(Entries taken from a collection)
▽

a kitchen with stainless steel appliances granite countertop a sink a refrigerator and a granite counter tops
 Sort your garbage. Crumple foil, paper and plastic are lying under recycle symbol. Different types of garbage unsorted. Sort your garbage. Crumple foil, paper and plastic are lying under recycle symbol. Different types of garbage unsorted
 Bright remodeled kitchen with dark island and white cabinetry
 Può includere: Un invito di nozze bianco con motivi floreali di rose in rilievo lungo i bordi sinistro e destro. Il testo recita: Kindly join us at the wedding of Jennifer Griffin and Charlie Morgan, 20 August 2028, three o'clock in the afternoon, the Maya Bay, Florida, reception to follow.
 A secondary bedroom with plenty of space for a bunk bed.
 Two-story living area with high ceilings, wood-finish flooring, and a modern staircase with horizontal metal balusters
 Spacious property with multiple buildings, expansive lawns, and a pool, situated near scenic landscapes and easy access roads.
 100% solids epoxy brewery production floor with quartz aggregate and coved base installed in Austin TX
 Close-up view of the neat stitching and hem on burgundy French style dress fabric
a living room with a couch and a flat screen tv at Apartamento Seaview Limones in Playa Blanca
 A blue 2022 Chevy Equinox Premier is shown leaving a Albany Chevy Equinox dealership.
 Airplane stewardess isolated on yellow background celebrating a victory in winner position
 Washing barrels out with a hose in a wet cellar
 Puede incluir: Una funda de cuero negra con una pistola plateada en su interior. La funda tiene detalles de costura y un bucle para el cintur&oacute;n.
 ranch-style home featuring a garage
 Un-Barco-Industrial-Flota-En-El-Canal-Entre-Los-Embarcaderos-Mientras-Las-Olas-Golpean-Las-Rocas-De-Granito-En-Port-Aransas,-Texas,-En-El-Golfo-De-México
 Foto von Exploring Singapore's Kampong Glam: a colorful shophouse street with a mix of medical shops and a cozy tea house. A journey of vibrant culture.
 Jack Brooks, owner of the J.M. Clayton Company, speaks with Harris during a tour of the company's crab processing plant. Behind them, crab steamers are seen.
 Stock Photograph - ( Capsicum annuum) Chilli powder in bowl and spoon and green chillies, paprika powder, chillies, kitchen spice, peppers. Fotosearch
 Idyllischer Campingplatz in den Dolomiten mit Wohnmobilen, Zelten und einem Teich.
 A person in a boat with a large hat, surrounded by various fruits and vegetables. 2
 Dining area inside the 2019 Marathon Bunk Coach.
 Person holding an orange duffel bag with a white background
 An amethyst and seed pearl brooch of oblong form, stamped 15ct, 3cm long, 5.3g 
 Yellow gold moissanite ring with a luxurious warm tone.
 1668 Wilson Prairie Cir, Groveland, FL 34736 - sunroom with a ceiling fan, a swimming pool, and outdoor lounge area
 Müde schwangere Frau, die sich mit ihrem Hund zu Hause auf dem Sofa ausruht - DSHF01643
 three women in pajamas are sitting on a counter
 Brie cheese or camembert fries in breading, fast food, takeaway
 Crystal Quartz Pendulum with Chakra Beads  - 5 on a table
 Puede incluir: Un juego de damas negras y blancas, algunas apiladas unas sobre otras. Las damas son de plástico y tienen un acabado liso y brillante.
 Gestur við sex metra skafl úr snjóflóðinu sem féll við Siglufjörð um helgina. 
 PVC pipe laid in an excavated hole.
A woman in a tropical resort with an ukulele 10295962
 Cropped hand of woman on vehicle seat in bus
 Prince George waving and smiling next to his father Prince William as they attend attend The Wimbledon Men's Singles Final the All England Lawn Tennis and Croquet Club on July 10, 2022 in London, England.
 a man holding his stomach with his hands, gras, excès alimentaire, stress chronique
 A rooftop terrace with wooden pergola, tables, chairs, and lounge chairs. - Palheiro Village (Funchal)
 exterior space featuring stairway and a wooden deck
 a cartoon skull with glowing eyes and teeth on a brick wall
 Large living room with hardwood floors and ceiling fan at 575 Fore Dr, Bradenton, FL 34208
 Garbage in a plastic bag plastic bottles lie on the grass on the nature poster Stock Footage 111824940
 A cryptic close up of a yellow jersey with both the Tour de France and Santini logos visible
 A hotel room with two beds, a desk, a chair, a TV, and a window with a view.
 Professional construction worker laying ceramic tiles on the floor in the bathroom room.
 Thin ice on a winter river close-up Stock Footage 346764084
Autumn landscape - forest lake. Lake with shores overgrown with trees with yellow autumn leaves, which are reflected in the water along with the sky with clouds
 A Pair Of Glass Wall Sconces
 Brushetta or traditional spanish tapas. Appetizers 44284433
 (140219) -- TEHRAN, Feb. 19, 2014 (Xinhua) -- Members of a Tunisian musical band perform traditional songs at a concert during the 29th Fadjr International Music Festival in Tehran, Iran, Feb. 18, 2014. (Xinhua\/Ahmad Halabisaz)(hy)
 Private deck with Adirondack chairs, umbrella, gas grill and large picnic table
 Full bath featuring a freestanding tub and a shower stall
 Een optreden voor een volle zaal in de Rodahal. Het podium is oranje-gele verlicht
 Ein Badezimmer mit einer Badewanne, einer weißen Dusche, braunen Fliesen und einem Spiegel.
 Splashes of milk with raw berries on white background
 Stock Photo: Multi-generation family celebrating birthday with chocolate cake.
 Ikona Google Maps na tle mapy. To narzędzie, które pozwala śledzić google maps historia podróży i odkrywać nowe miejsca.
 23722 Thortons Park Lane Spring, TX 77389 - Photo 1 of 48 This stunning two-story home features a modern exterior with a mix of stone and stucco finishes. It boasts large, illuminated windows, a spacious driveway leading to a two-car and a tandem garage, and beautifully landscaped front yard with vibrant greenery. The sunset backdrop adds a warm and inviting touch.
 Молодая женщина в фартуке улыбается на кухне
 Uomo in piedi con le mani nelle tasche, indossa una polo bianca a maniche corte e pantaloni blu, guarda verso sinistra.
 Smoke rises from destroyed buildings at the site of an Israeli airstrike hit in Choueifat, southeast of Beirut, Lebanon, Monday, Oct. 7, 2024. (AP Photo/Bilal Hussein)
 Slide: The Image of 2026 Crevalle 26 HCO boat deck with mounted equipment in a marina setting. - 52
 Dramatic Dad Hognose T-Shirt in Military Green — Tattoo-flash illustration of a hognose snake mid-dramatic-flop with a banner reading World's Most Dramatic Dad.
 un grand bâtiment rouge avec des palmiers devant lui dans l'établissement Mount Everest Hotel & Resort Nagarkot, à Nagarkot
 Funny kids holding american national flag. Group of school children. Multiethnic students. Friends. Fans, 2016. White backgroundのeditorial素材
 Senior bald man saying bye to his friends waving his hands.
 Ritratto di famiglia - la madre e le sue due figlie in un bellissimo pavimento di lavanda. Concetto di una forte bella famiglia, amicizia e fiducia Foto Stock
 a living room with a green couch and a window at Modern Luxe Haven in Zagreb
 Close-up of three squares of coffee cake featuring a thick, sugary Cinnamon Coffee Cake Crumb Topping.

△

What is needed is an exact copy of the lines above, from the one containing "Gestur við sex" through the one containing "Prince George waving", with nothing added.

» **Solution**:
 Gestur við sex metra skafl úr snjóflóðinu sem féll við Siglufjörð um helgina. 
 PVC pipe laid in an excavated hole.
A woman in a tropical resort with an ukulele 10295962
 Cropped hand of woman on vehicle seat in bus
 Prince George waving and smiling next to his father Prince William as they attend attend The Wimbledon Men's Singles Final the All England Lawn Tennis and Croquet Club on July 10, 2022 in London, England.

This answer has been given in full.